Fonte: La Stampa
di Karima Moual
Nessuna condanna a morte per l’apostata, e libertà di scelta per chi vuole abbracciare altre fedi: così si è espresso per la prima volta il Consiglio superiore degli Ulema in Marocco, aprendo la strada al riformismo dell’Islam
Nessuna condanna a morte per l’apostata e libertà per coloro che dall’Islam vogliono uscire e abbracciare altre fedi. E’ una posizione storica, quella assunta dalla massima rappresentanza religiosa del Marocco, il Consiglio superiore degli Ulema, che continua coraggiosamente ad aprire la strada al riformismo in casa Islam – almeno la propria – senza ombre o ambiguità.

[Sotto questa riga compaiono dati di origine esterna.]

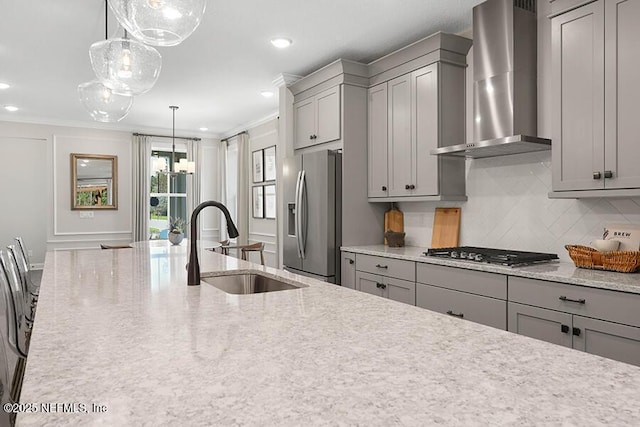 kitchen featuring wall chimney range hood, ornamental molding, gray cabinets, stainless steel appliances, and a sink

Si punta dunque su un livello alto della discussione, anche facendo un passo indietro rispetto al passato. Il Consiglio infatti rigetta una sua precedente fatwa del 2012 secondo la quale i marocchini colpevoli di apostasia avrebbero un unico destino: la morte. Una regola comune per tutti i Paesi musulmani, ma prevista in varie forme dalle norme giuridiche in vigore. In Marocco, per esempio non è contemplata la pena di morte, ma il codice penale parla di detenzione per l’apostata che può arrivare fino a 3 anni.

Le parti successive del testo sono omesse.